TASK DATA:
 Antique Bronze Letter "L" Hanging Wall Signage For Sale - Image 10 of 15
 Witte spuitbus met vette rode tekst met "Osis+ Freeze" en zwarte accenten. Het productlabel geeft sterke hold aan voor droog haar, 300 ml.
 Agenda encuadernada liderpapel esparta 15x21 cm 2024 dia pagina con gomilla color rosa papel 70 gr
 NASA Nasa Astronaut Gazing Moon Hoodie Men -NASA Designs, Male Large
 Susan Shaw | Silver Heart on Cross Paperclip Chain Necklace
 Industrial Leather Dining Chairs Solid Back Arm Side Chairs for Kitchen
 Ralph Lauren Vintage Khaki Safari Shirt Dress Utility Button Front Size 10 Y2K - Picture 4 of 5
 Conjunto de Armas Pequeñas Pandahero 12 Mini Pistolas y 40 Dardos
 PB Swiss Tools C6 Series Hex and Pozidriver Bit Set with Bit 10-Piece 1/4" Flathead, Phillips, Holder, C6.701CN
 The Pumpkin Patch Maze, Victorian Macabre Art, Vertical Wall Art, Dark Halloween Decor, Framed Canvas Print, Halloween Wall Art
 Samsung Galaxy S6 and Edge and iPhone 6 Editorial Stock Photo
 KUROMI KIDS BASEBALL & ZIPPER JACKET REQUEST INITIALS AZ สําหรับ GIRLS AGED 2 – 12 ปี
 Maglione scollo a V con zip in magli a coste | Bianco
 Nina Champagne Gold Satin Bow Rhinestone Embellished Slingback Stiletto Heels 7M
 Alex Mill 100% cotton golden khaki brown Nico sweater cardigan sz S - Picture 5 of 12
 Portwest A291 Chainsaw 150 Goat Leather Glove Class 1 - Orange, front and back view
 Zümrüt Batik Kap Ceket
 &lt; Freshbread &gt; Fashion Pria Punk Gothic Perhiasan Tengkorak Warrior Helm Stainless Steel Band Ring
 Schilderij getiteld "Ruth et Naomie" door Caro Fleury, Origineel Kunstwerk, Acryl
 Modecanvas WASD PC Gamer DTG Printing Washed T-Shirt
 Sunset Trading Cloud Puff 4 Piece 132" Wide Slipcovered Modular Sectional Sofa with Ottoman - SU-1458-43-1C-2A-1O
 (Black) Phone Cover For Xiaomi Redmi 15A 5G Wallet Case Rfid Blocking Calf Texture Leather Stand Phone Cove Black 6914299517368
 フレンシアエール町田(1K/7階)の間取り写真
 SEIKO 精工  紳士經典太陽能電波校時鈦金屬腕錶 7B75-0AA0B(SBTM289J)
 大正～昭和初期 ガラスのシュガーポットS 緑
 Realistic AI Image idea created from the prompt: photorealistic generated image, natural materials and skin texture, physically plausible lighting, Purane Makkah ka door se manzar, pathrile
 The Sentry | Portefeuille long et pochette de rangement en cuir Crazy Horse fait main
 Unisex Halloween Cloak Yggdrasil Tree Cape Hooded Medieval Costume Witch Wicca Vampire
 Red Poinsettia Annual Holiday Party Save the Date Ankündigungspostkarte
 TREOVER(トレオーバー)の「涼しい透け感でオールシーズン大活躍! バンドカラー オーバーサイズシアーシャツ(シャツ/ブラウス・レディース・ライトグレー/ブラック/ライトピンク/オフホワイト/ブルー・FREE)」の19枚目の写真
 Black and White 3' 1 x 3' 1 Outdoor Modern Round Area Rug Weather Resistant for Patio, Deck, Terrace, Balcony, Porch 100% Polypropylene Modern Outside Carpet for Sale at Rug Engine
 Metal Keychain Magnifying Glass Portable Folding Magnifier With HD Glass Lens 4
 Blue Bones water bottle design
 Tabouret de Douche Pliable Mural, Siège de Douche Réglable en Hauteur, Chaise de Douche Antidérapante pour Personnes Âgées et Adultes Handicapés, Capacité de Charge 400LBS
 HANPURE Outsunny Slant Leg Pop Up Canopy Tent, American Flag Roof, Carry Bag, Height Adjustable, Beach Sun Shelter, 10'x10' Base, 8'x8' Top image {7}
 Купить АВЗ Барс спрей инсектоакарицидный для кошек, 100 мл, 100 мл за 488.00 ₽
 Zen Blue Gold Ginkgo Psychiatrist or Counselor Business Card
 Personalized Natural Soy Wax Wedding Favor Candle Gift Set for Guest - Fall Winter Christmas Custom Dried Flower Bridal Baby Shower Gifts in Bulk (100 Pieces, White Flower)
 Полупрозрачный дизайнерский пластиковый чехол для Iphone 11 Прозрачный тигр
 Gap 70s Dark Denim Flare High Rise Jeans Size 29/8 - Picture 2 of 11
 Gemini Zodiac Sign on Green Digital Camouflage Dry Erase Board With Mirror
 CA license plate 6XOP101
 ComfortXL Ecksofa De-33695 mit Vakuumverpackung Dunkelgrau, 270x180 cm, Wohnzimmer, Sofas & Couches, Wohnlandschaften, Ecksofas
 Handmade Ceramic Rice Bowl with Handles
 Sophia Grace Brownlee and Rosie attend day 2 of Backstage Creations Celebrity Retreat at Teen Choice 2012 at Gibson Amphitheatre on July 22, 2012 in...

WORK TO COMPLETE:
Return exactly the lines above from the line that has "PB Swiss Tools" through the line that has "Alex Mill 100%", inclusive, and nothing else.

REPLY:
 PB Swiss Tools C6 Series Hex and Pozidriver Bit Set with Bit 10-Piece 1/4" Flathead, Phillips, Holder, C6.701CN
 The Pumpkin Patch Maze, Victorian Macabre Art, Vertical Wall Art, Dark Halloween Decor, Framed Canvas Print, Halloween Wall Art
 Samsung Galaxy S6 and Edge and iPhone 6 Editorial Stock Photo
 KUROMI KIDS BASEBALL & ZIPPER JACKET REQUEST INITIALS AZ สําหรับ GIRLS AGED 2 – 12 ปี
 Maglione scollo a V con zip in magli a coste | Bianco
 Nina Champagne Gold Satin Bow Rhinestone Embellished Slingback Stiletto Heels 7M
 Alex Mill 100% cotton golden khaki brown Nico sweater cardigan sz S - Picture 5 of 12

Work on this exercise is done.